Over and above the identification of the drivers of the South African business cycle, Prof. Burger’s analysis also investigated the volatility of the business cycle.

When the periods 1976-1994 and 1994-2006 are compared, the analysis shows that the volatility of the business cycle has reduced since 1994 with more than half. The reduction in volatility can be traced to the reduction in the volatility of household consumption (especially durables and services), as well as a reduction in the volatility of investment in machinery, non-residential buildings and transport equipment. The last three coincide with the general reduction in the volatility of investment in the manufacturing sector. Investment in sectors such as electricity and transport (not to be confused with investment in transport equipment by various sectors) which are strongly dominated by the government, did not contribute to the decrease in volatility.

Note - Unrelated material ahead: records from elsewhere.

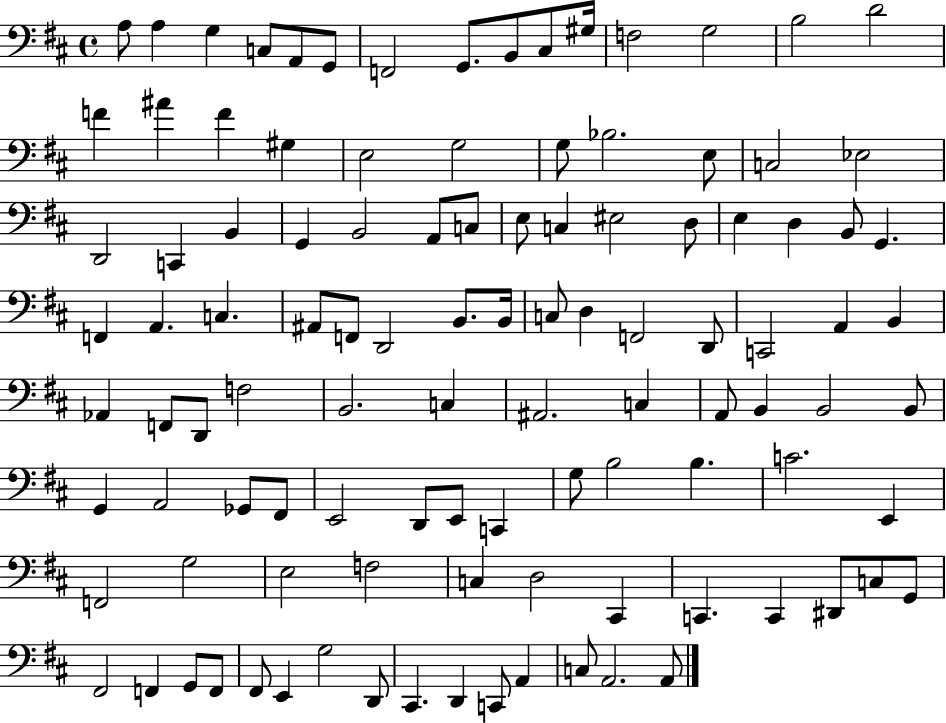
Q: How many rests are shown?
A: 0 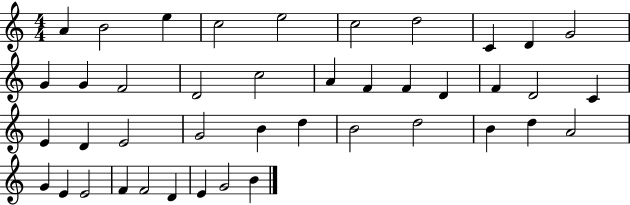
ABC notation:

X:1
T:Untitled
M:4/4
L:1/4
K:C
A B2 e c2 e2 c2 d2 C D G2 G G F2 D2 c2 A F F D F D2 C E D E2 G2 B d B2 d2 B d A2 G E E2 F F2 D E G2 B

In his analysis, Prof. Burger supplies reasons for the reduction in volatility. One of the explanations is the reduction in the shocks affecting the economy – especially in the South African context. Another explanation is the application of an improved monetary policy by the South African Reserve Bank since the mid 1990’s. A third explanation is the better access to liquidity and credit since the mid 1990’s, which enables the better management of household finance and the absorption of financial shocks.

A further reason which contributed to the reduction in volatility in countries such as the United States of America’s business cycle is better inventory management. While the volatility of inventory in South Africa has also reduced there is, according to Prof. Burger, little proof that better inventory management contributed to the reduction in volatility of the GDP.